The timing of this crash compounds its impact. While 12:52 AM falls outside traditional rush hour, IH-10 East carries consistent overnight traffic from night-shift workers, late-night travelers heading toward Beaumont and the Corridor, and commercial vehicles. Drivers heading eastbound should consider diverting to surface streets—Bellaire Boulevard and Telephone Road offer viable alternatives for local trips, while those bypassing the corridor entirely might use US-90 or the Sam Houston Tollway to route around the congestion. The backup is expected to affect travel times significantly along the eastbound stretch through the early morning hours.
This section of IH-10 near Gellhorn has long been a transition zone between central Houston and the east side. The Gellhorn area sits near several major corridors including access points to Ship Channel crossings and the Greens Bayou infrastructure.
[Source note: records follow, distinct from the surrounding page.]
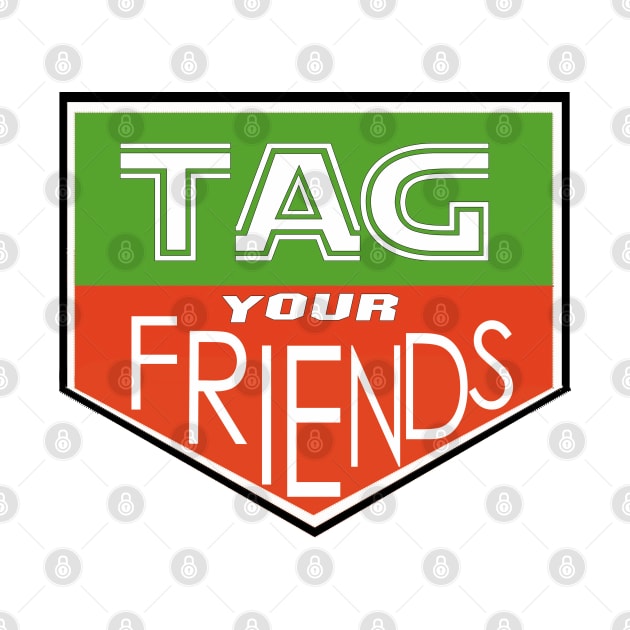 Funny Tag Your Friends Gift Idea by werdanepo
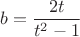 $$\[
b = \frac{{2t}}{{t^2-1 }}
\]$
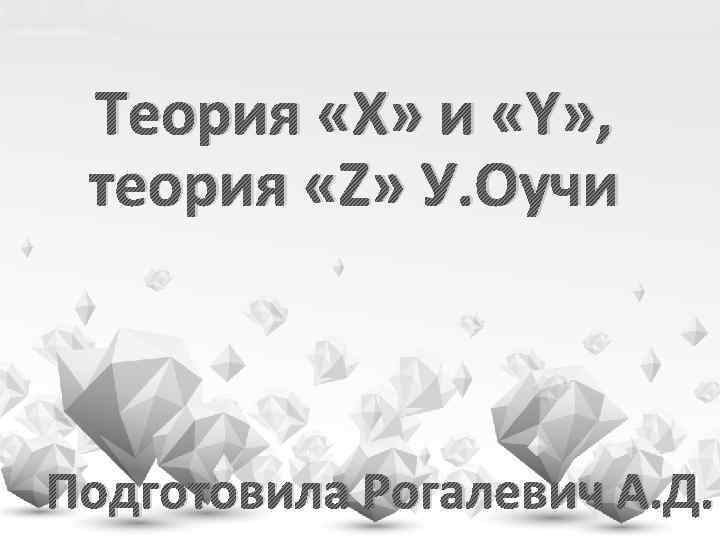 Теория «Х» и «Y» , теория «Z» У. Оучи Подготовила Рогалевич А. Д. 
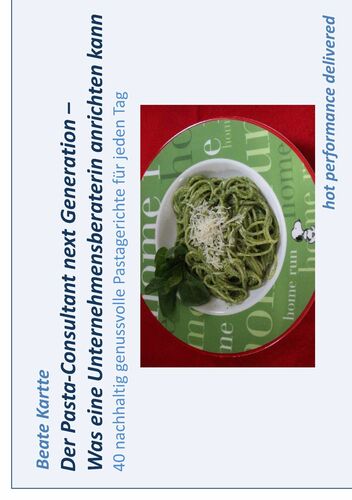 Der Pasta-Consultant next Generation – Was eine Unternehmensberaterin anrichten kann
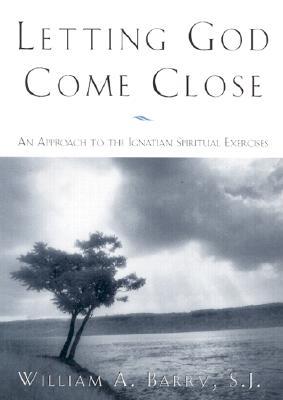 Letting God Come Close: An Approach to the Ignatian Spiritual Exercises (Paperback)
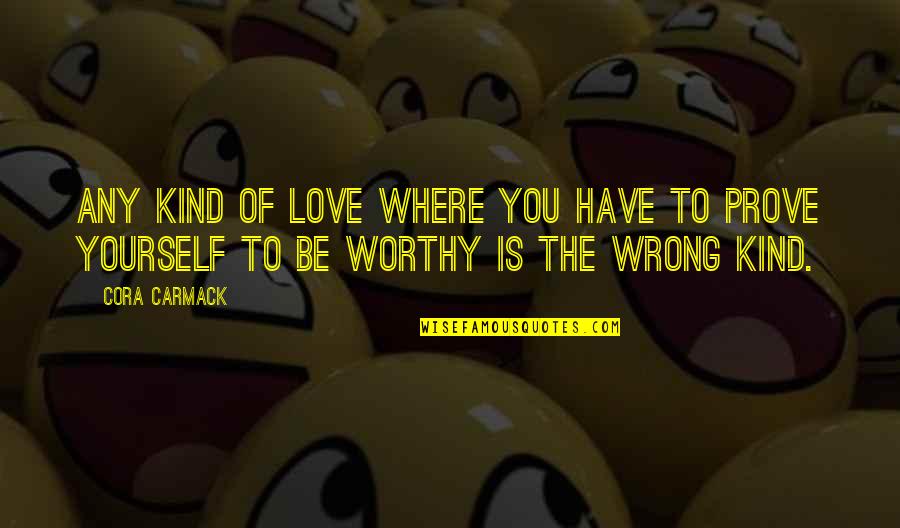 Supporting Mental Health Quotes By Cora Carmack: Any kind of love where you have to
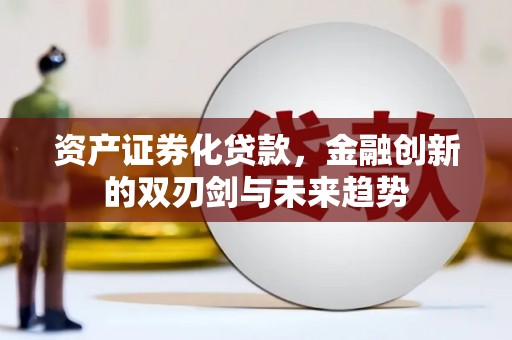黟县资产证券化贷款，金融创新的双刃剑与未来趋势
Typically, this stretch handles a steady mix of commuters and commercial traffic around the clock, but late-night incidents here create cascading delays that ripple eastward toward Pasadena and Baytown.
As of early reports, the eastbound direction remained affected by the crash. Drivers traveling on IH-10 East in the pre-dawn hours should anticipate delays and reduced lane capacity in this area. The incident underscores the importance of maintaining awareness during overnight travel, when reduced visibility and fatigue-related hazards compound typical traffic dangers on Houston's busiest interstate corridors.
In the 30 days before this crash, 6 incidents had already been recorded at this location.
Since then, the location has recorded 31 additional crashes. The breakdown includes 21 major collisions.
The pace has shifted upward since this crash.
A stretch of consecutive days brought several crashes to this location.
Combined, those incidents make this one of the highest-volume crash locations in the area.
Numbers current through May 24, 2026.
This report was produced by LTA's editor-designed production system under the executive editorial direction of Dennis R. Mundy, Executive Editor. The system combines our proprietary data pipeline with AI-assisted drafting to deliver verified incident coverage to LTA's editorial standards.